I'm back at the hospital, back at the land of the almost dead, but now this girl Evelyn, who I've known for less than eight months, who texted
me
in what could have been her very last moment on this earth, is awake and alive and looking at me.

She's only barely alive, though, her arms nearly as thin as the metal rail that separates us, her eyes hollow and red and fixated on her own woven hands.

An IV drips into her veins. The machine behind her head announces the
beep beep beep
of her pulse. Tulips wilt next to her.

She's waiting for me to say something.

I don't know what to say.

At first, I stumble.
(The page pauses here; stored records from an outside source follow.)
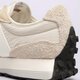 Vyriški kedai NEW BALANCE 327  ms327cq spalva kremowy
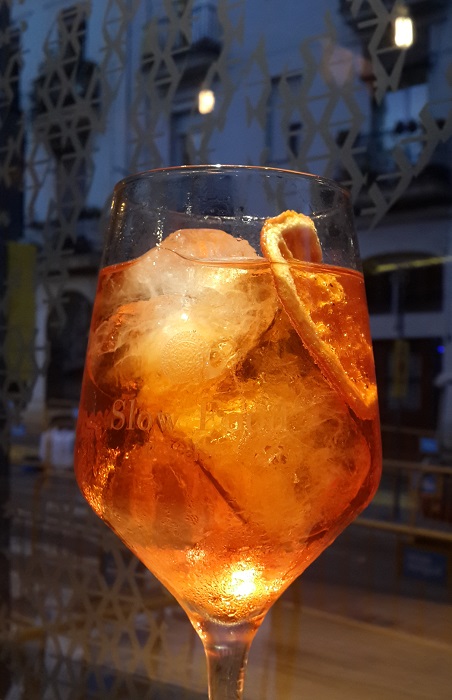 cava-aperol-spritz-by-barcelona-eat-local-food-tours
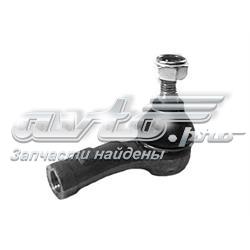 Накінечник рульової тяги, зовнішній Teknorot A509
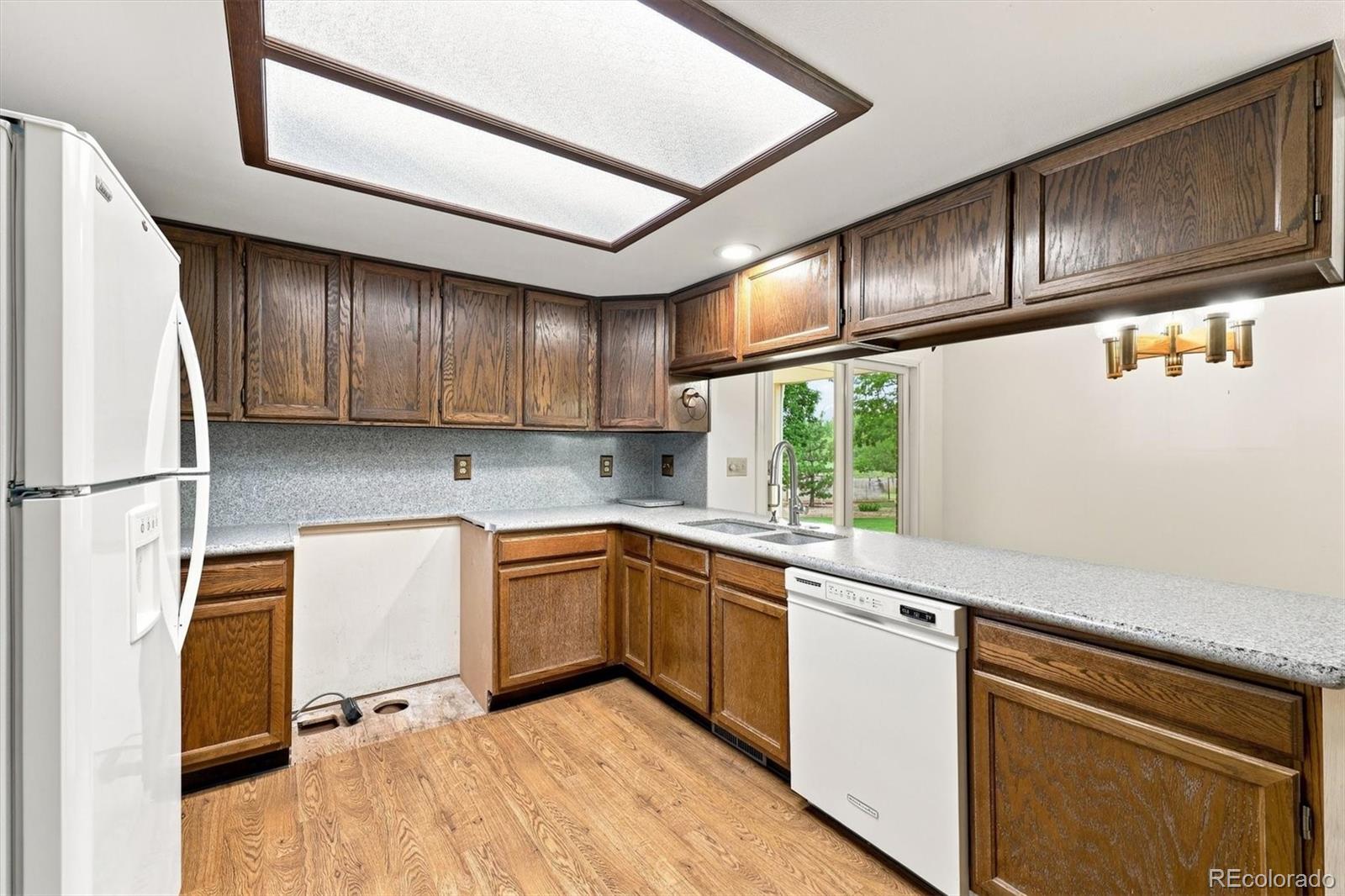 MLS Image #10 for 12325  josephine court,thornton, Colorado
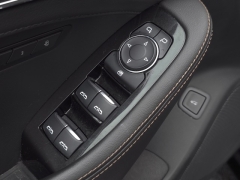 Used 2024 Cadillac CT5 RWD 4dr Sdn Sport at Auto Direct near Zebulon, NC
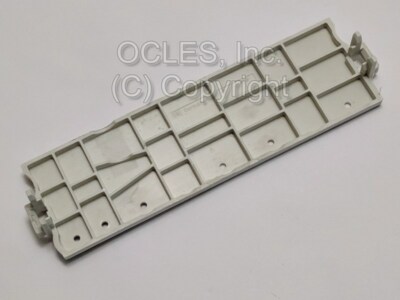 Genuine BMW E38 E39 Fuse/relay/module box cover 61138367253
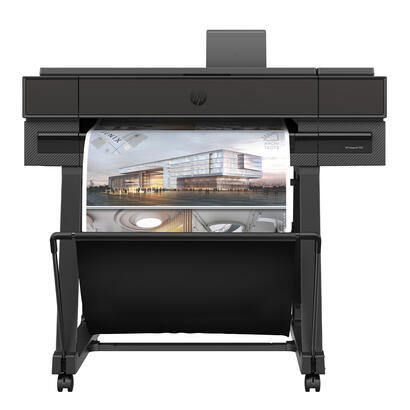 hp-designjet-t870-24-in-printer-impresora-de-gran-formato-wifi-inyeccion-de-tinta-termica-color-2400-x-1200-dpi-a1-594-x-841-mm-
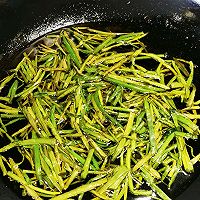 ڴͼƬ2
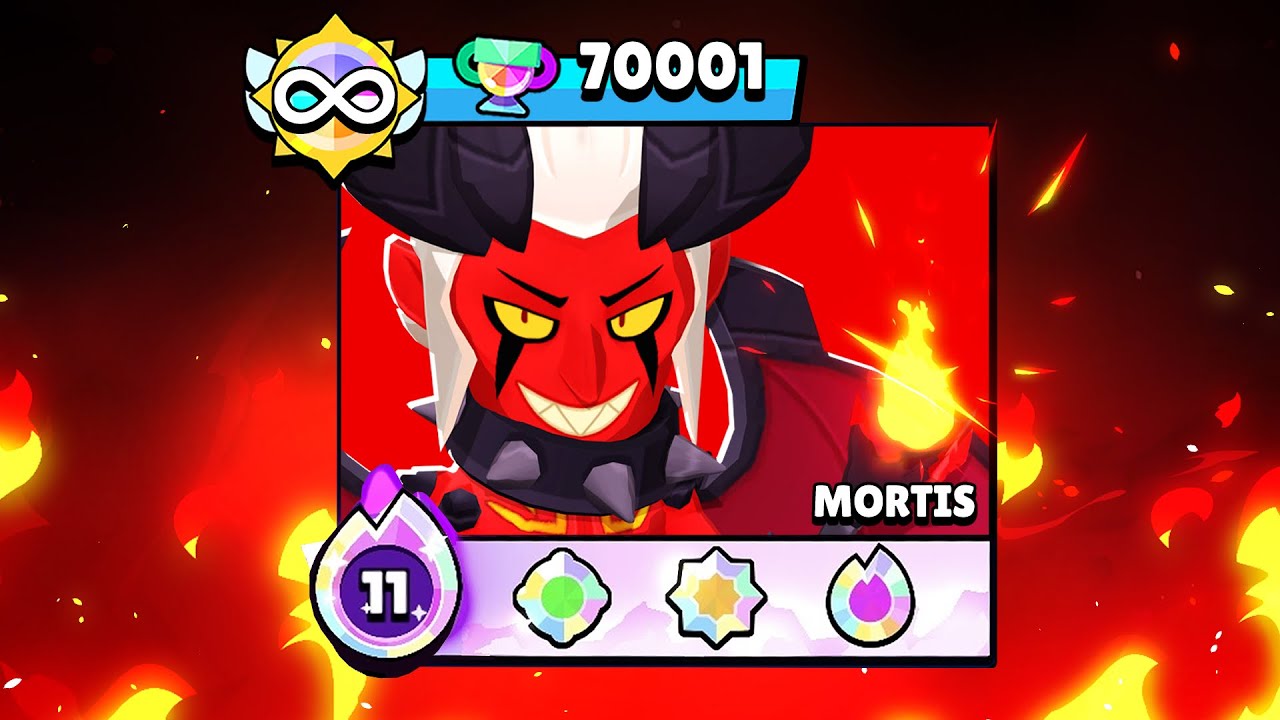 He Did The Impossible 💀 (World Record)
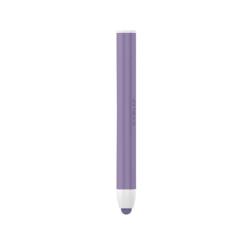 Celly Lápiz Tablet niños Violeta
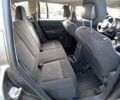 Сірий Джип Compass, об'ємом двигуна 2.4 л та пробігом 130 тис. км за 4500 $, фото 3 на Automoto.ua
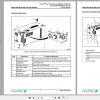 Yale Nuvera Fuel Cell System N1800V36 N1821V36 N1800V48 N1824V48 Service Manual 2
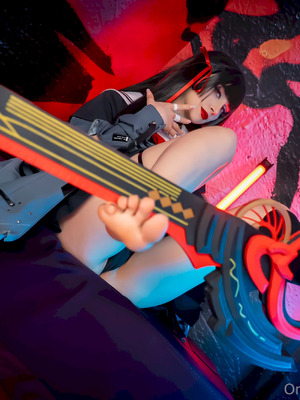 Aery Tiefling - Chisa_17_tgyg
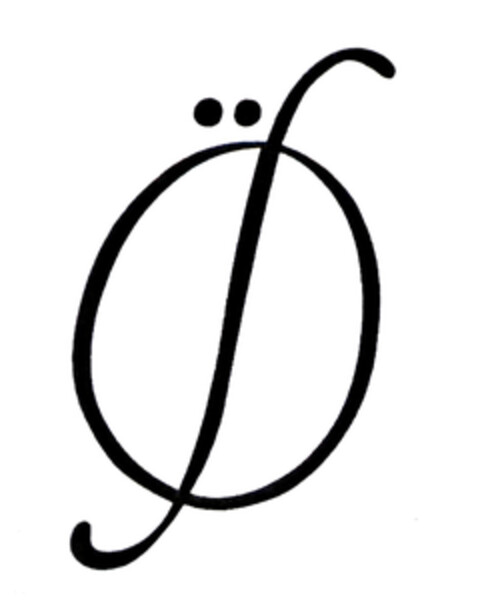 Ö Logo (EUIPO, 08.01.2003)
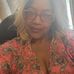 Jackie Sinclair - Facebook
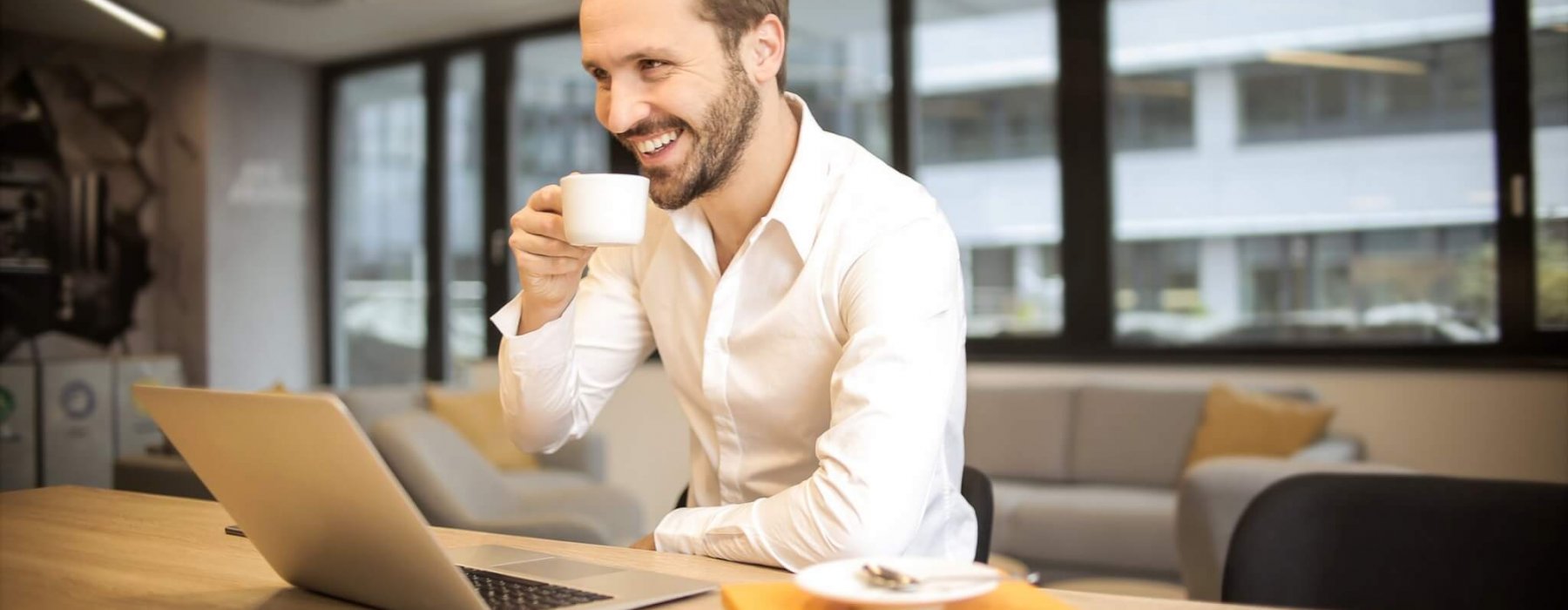 Pisanie prac magisterskich Pisanie prac magisterskich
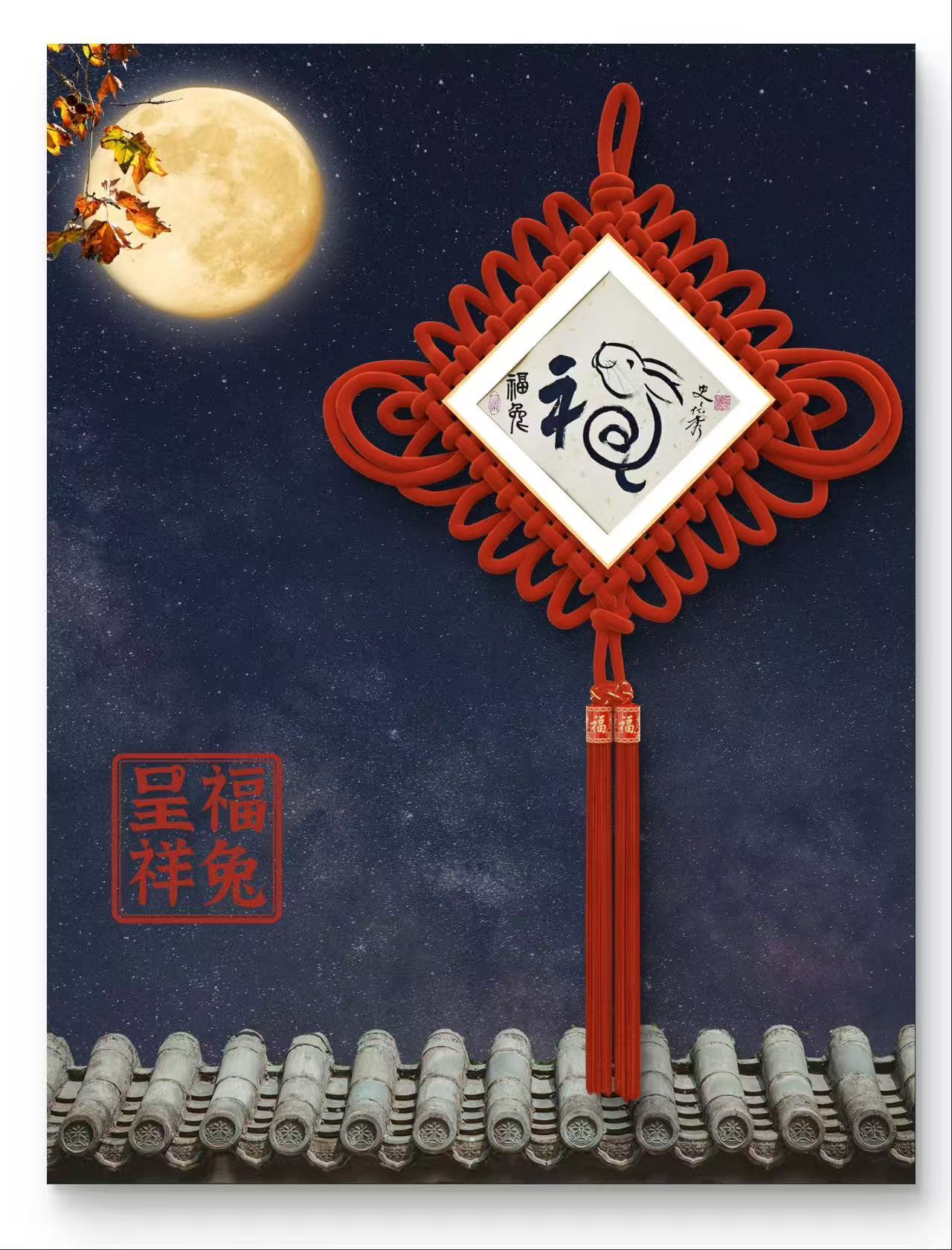 “书画同源·艺术与Ai人工智能以观书法”二次创作活动在深圳温暖开启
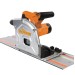 Triton TTS1400 1400W Plunge Track Saw 165mm 1400W 950638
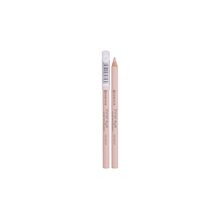 Kleurpotlood voor de ogen - Interne contour van het oog N01 Everybody's Shade - Universele lichtroze tint - Zachte, langdurige textuur - Vegan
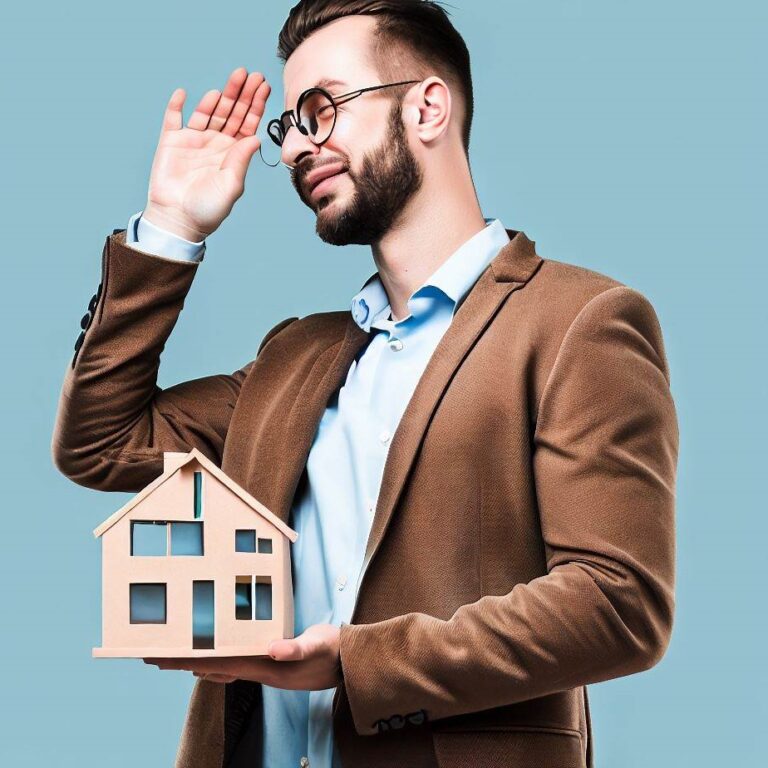 Jak sprzedać mieszkanie i kupić nowe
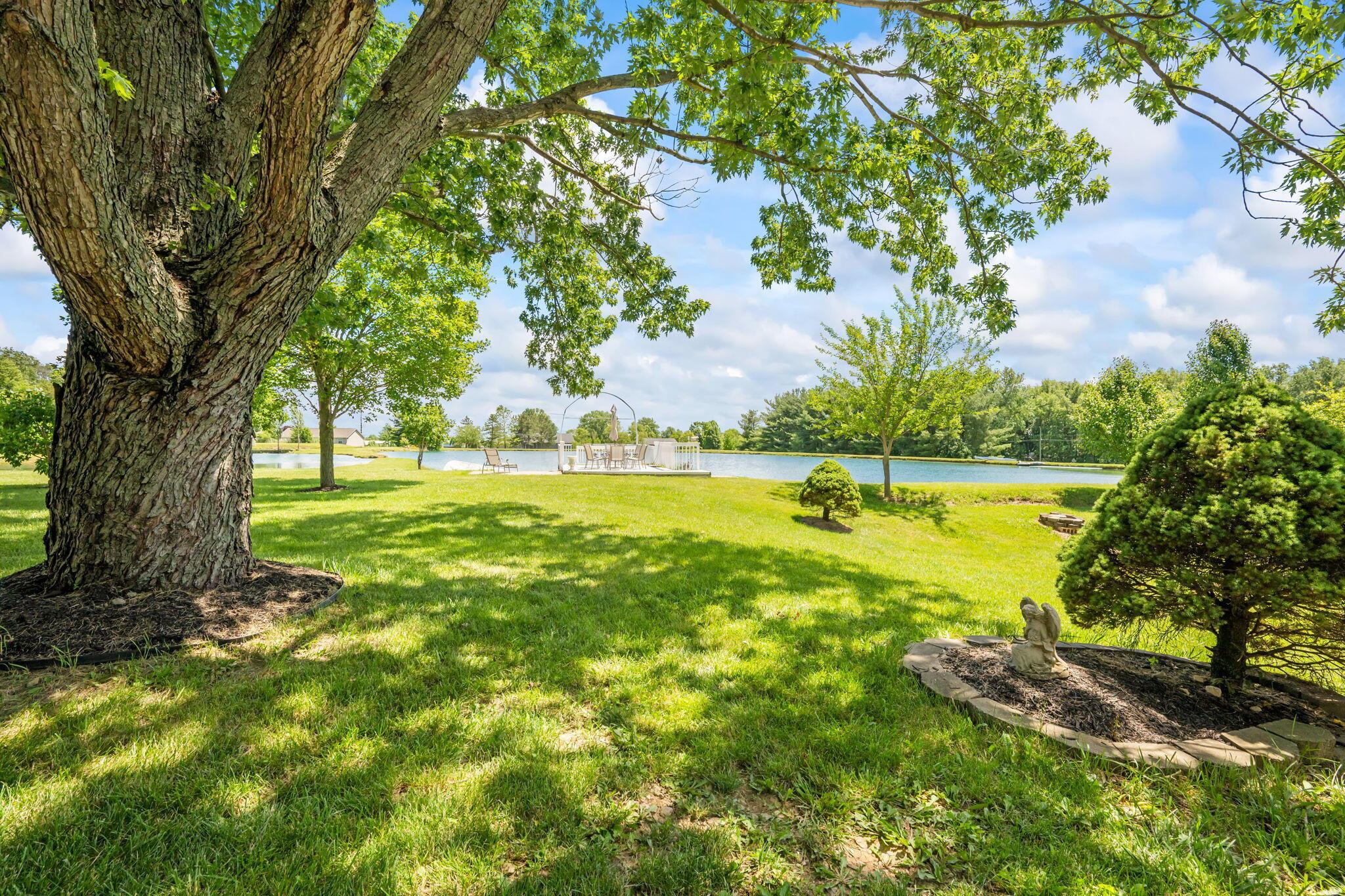 12899 Taylor Road Property Photo 96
I say things like “I'm glad you're okay” and “How's the food?” and “When will you get out of here?”

She gives me stilted answers like “Yeah, me too” and “Sucks big-time” and “Not for a few weeks, probably, I don't know.”

I don't know what to say.

So finally, I say this:

“I'm horribly pissed at you for doing what you did.”

Evelyn turns her empty eyes to look at me. It's the first time she's looking at me.

“Thanks,” she says. “Real nice. Way to get mad at a sick person.”

“That's not what I mean.” I stumble again. I want to get this right. I need to get this right.

I reach into my bag and pull out my mom's letter. I unfold it. It's crinkled and worn from me opening and closing it so much. Besides Liss, I haven't shown it to anyone else, not even my dad.

I hand it to Evelyn. I let her read it.

She looks back at me, her eyes wide and empty, her skin tight and pale. “What does this have to do with me?”

“My mom charged me with this directive to do everything she didn't do, and I'm sort of pissed at her, too, for not doing it herself. She could have done it. She could have controlled her sugar and eaten right and walked more like she said she was going to, but she never did. Instead, she let herself gain weight and she didn't control her sugar and then she left my dad and me with the final decision to let her go. There's this 0.0001 percent chance that she could have fought the sepsis and maybe woken up and maybe lived to still be my mother, but she had signed these papers saying that if there seemed to be no chance of her living a healthy life that we should pull the plug. And it was supposed to be my dad's decision. He had power of attorney. But he froze. He was lost and sad and he didn't really understand, maybe, you know, everything that was happening, everything the doctors were saying. He looked at me and he said, ‘What do you want to do?' He made me decide. I was sixteen. Fucking sixteen. I shouldn't have had to decide whether my mother lives or dies.